Introduction:  Nephrite is one of the minerals commonly called jade, the others are jadeite and omphacite.   Mineralogically, nephrite is a fibrous variety of the actinolite-tremolite series.  The cabochon above is from Lake Baikal in Russia and weighs 4.95 ct.

Colors:  translucent to opaque; light to dark green, also yellow, brown, white, gray, black, sometimes mottled.  Nephrite, with few exceptions, is usually in dark shades and never attains the fine green of Imperial jade (jadeite).

Stone Sizes:  Alluvial boulders of several tons are not uncommon in certain localities.  Large, fine pieces are usually carved.  It is also commonly cut as cabochons or beads.  The Smithsonian displays a large boulder alongside a thin slab, backlit to show the color.

Localities:
-Taiwan (Fengtien):  found in seams in the host rock, spinach green in color.

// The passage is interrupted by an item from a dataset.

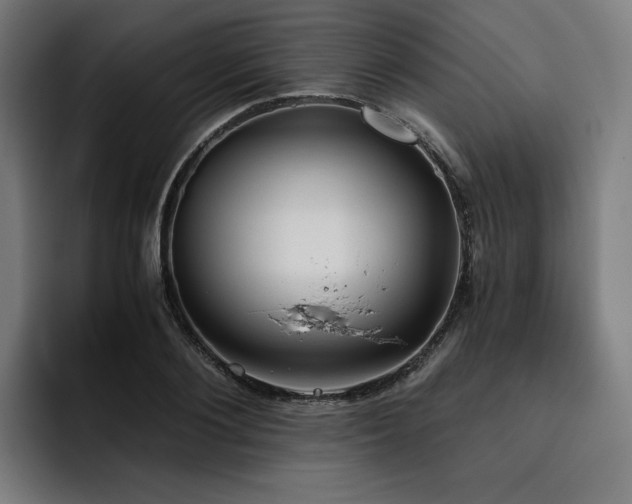 X0000093410884200710121115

-Australia and New Zealand: in boulders, usually dark green to black

-China (Sinkiang Province):  generally lighter in color

-Russia (Lake Baikal):  distinctive and fine color; dark spinach green color with abundant black inclusions of graphite

-Poland (near Jordansmuhl):  creamy white to gray-green with green patches

-United States:
     -Alaska:  green colors in large masses, sometimes fibrous
     -California:  various green shades in alluvial boulders, sometimes as large as 1000 pounds.
     -Wyoming:  distinctive boulders mottles green and white

Treatments:
-Usually none (N) but on rare occasions, it has been dyed to alter color

Gemology:
-Refractive Index:  1.606-1.632 (+0.009, -0.006), usually spot reading of 1.61

-Birefringence:  usually not detectable

-Optic Character:  AGG

-Specific Gravity:  2.95 (+0.15, -0.05)

-Hardness:  6 to 6.5

Toughness:  Exceptional

-Chemical Composition:  Ca2(Mg,Fe)5Si8O22(OH)2

-Cause of Color:  generally iron

-Fluorescence:  inert

-Absorption Spectra:  rarely shows a diagnostic pattern; sometimes a vague line at 500 nm as well as lines in the red in green stones of exceptional quality.

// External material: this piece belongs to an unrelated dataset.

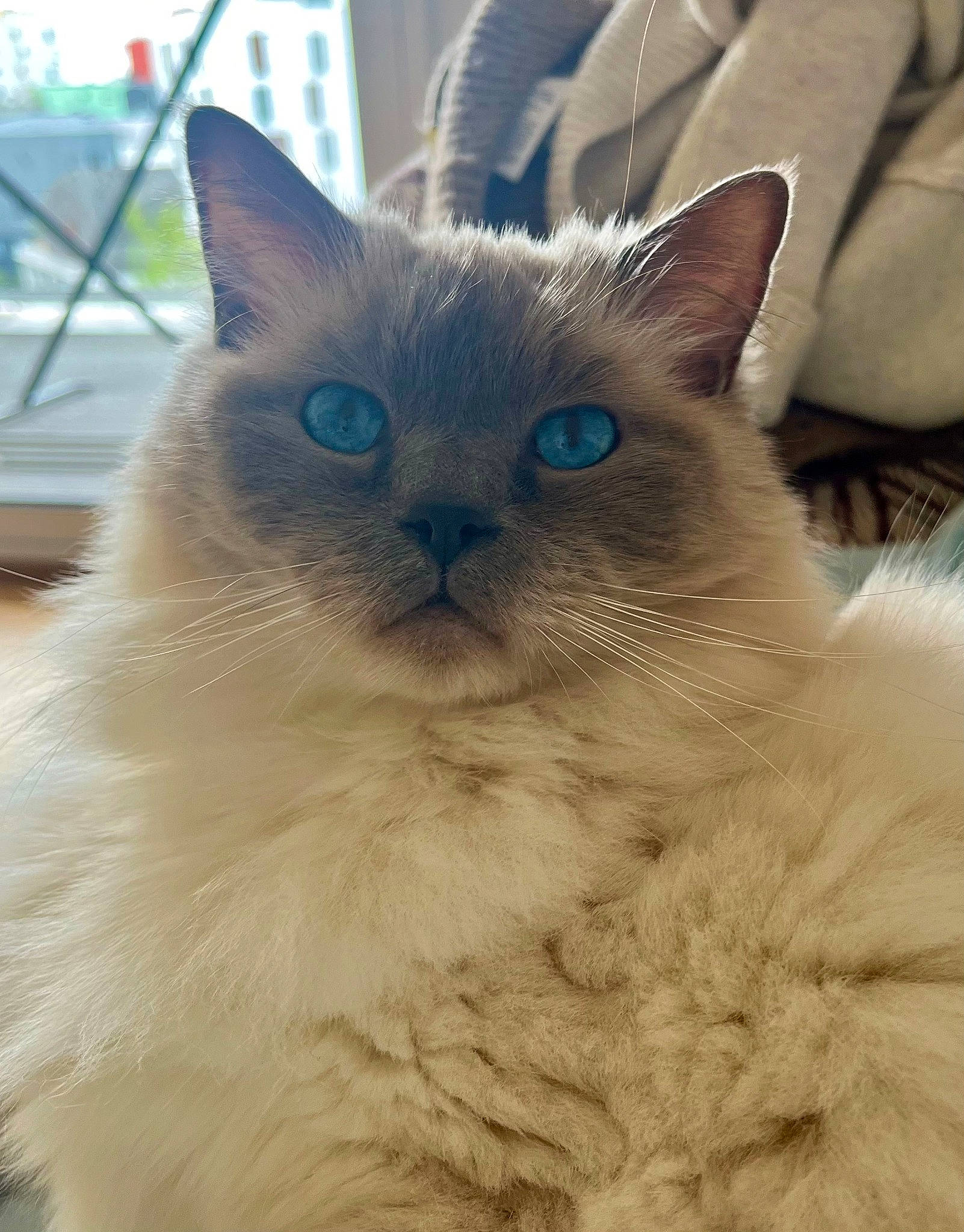 Pompon a rejoint le concours — aidez-le/la à gagner de superbes lots ! balinese, birman, carnivore, cat, comfort, electric_blue, fawn, felidae, fur, iris, ragdoll, selkirk_rex, small_to_medium_sized_cats, snout, terrestrial_animal, thai, tonkinese, whiskers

-Cleavage:  not visible due to aggregate structure

-Phenomena:  Chatoyancy (occasionally)

Name:  Nephrite is from the Greek word, nephros, meaning kidney due to the shape of the rounded, organ like shape of nephrite boulders and pebbles.

Dates:  Nephrite is the gem for the 12th anniversary.  

Care:  Nephrite can be safely cleaned in the ultrasonic, steam cleaner as well as warm, soapy water.